• **THE TASK**:
Make a verbatim copy of the entries below; pictures stay out.

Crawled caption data
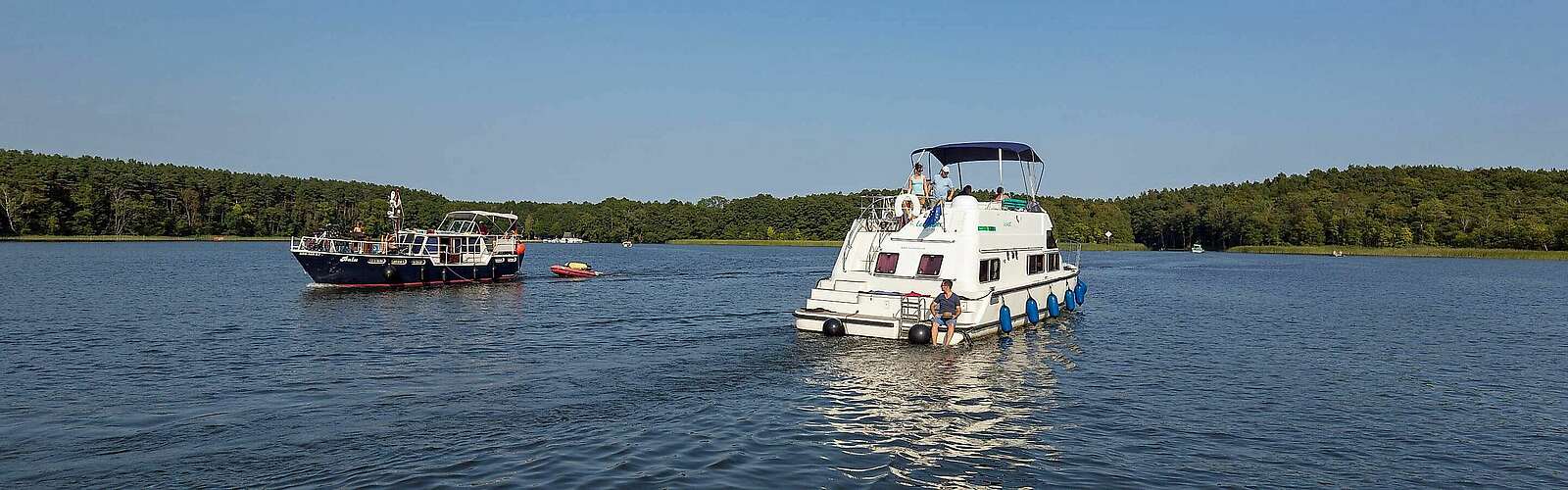 Hausboot bei Fürstenberg/Havel,
            
        
                
                
                    Foto: Yorck Maecke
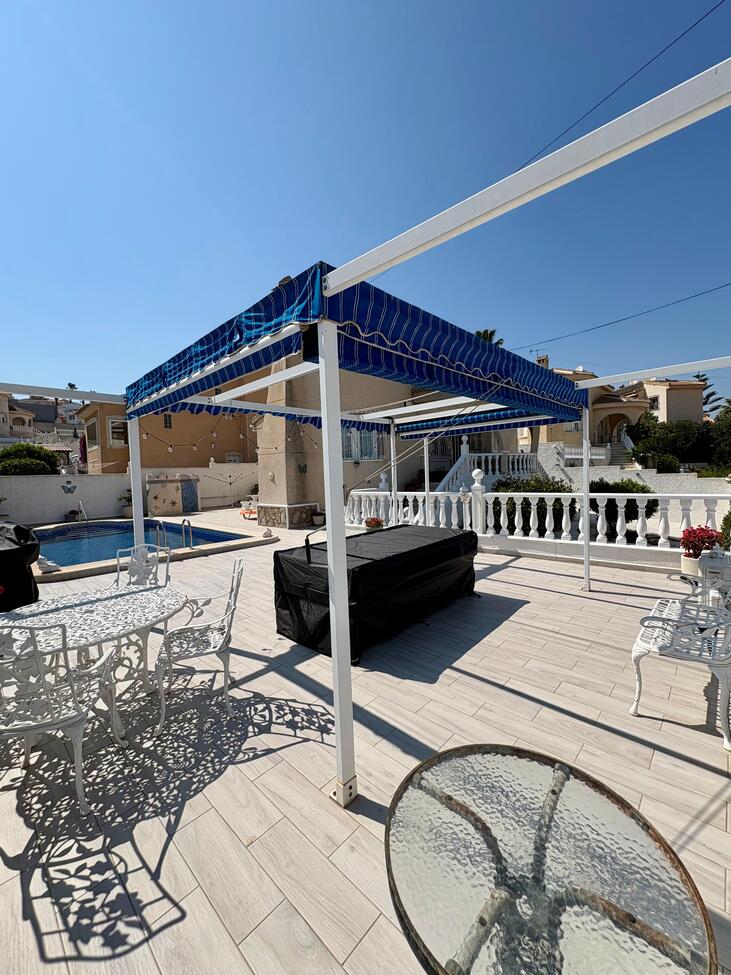 Pool area in villa for sale in Rojales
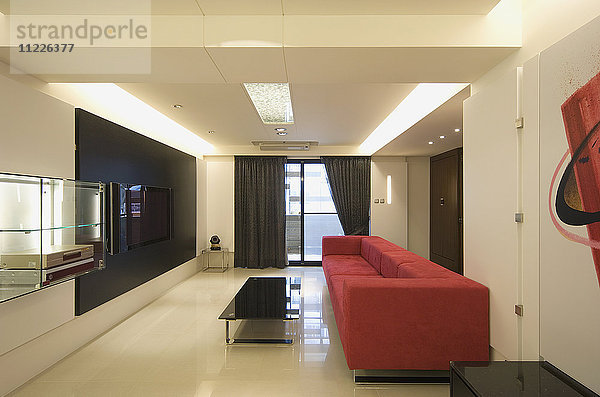 Modernes Wohnzimmer mit rotem Sofa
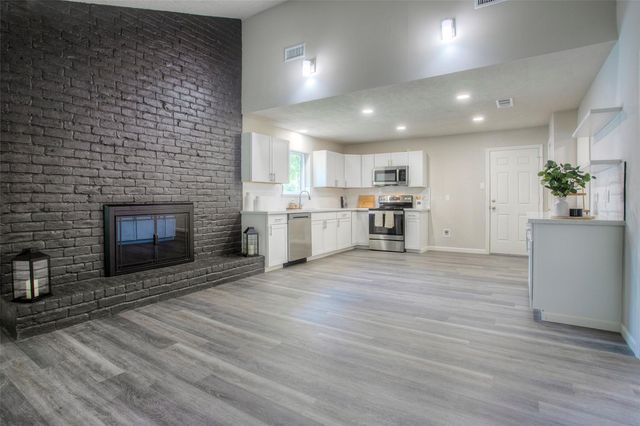 24605 Camwood Ct Road, Huntsville, TX 77320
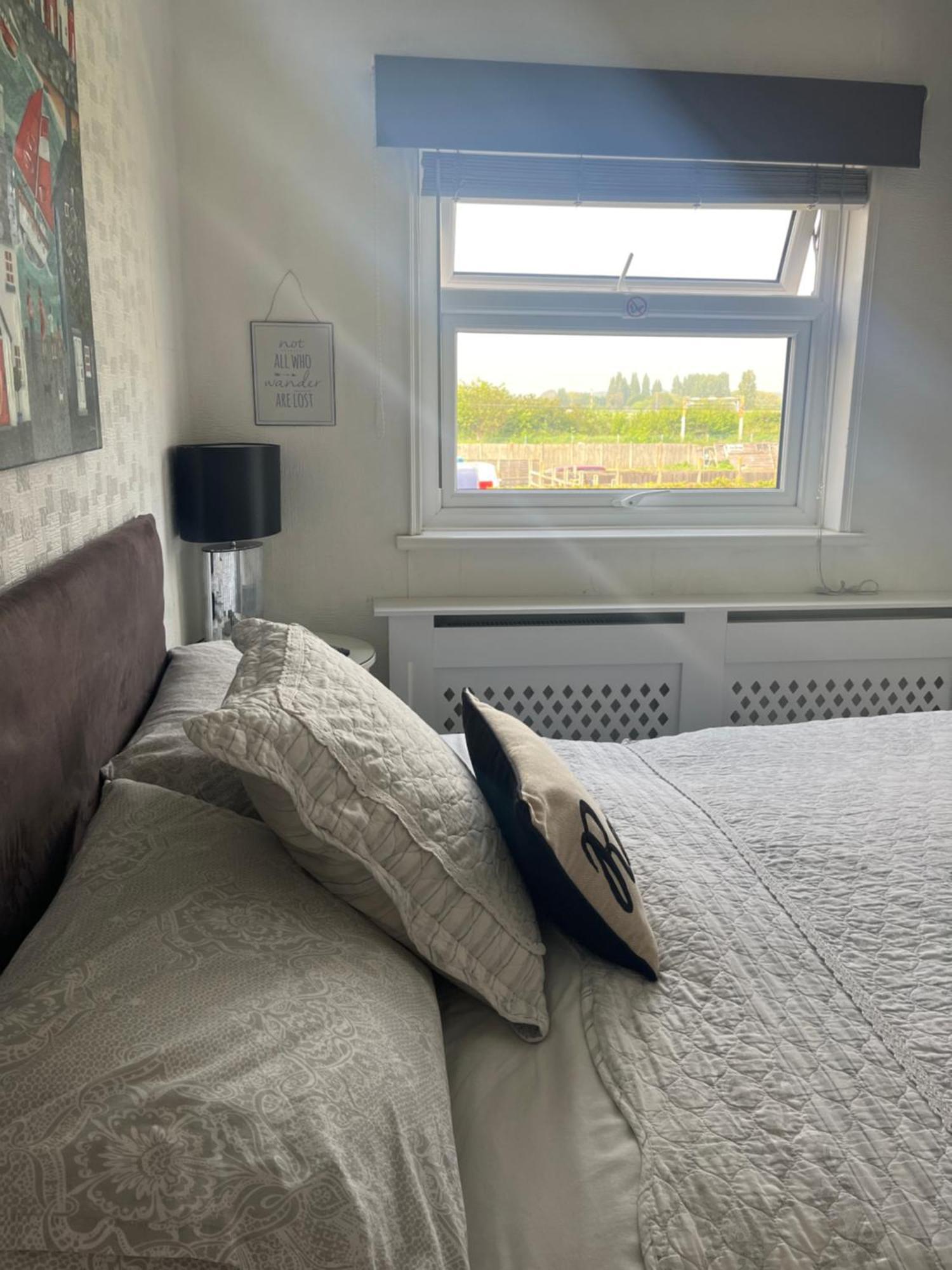 Southend Airport Bed & Breakfast ロッチフォード エクステリア 写真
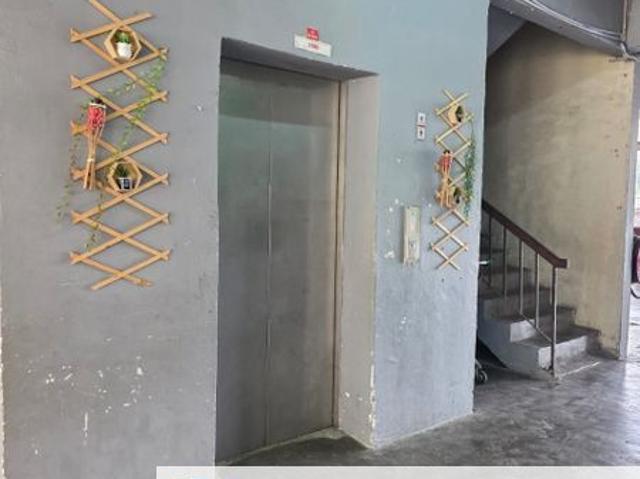 Flat for rent in PJU 1A, Petaling Jaya
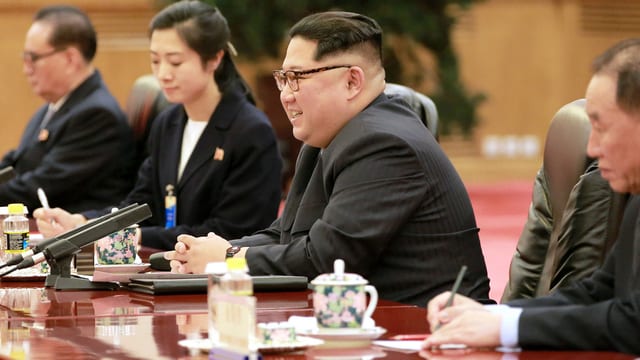 Kim Jong-un sitzt am Tisch. Kim Jong-un sitzt am Tisch.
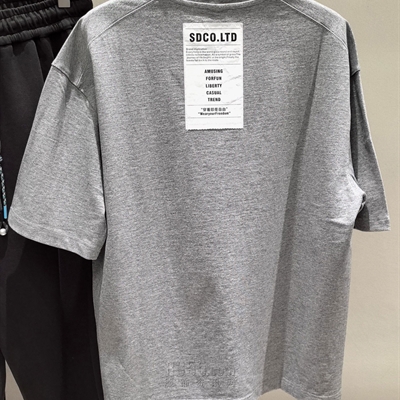 市场上装-T恤-休闲T恤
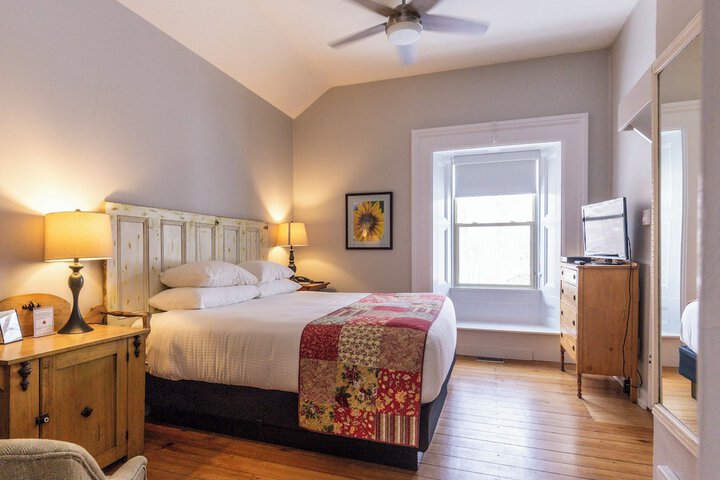 Room 3 of 6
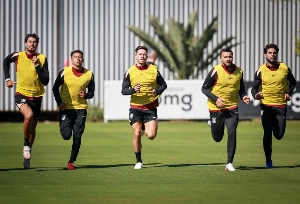 Terceiro Tempo - Milton Neves - Em casa, Corinthians recebe o embalado Athletico Paranaense; as formações - Notícias - Terceiro Tempo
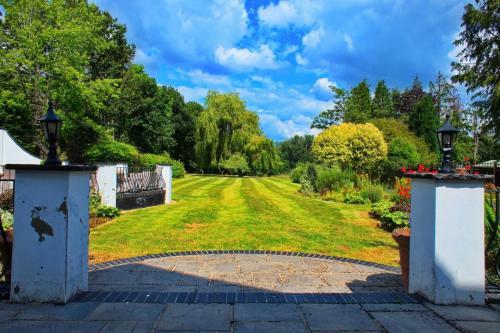 Countryside Escape With Stunning Garden In Surrey
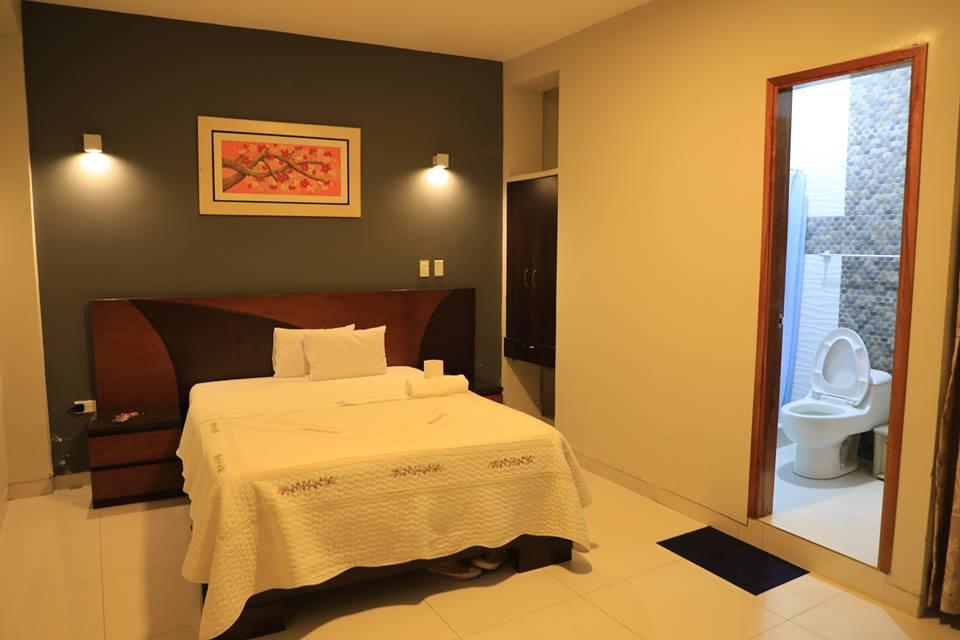 Hotel Vicente de la Vega Chiclayo Buitenkant foto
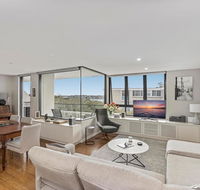 Light filled apartment with sweeping harbour views - Australia Accommodation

• **TASK SOLUTION**:
 Hausboot bei Fürstenberg/Havel,
            
        
                
                
                    Foto: Yorck Maecke
 Pool area in villa for sale in Rojales
 Modernes Wohnzimmer mit rotem Sofa
 24605 Camwood Ct Road, Huntsville, TX 77320
 Southend Airport Bed & Breakfast ロッチフォード エクステリア 写真
 Flat for rent in PJU 1A, Petaling Jaya
 Kim Jong-un sitzt am Tisch. Kim Jong-un sitzt am Tisch.
 市场上装-T恤-休闲T恤
 Room 3 of 6
 Terceiro Tempo - Milton Neves - Em casa, Corinthians recebe o embalado Athletico Paranaense; as formações - Notícias - Terceiro Tempo
 Countryside Escape With Stunning Garden In Surrey
 Hotel Vicente de la Vega Chiclayo Buitenkant foto
 Light filled apartment with sweeping harbour views - Australia Accommodation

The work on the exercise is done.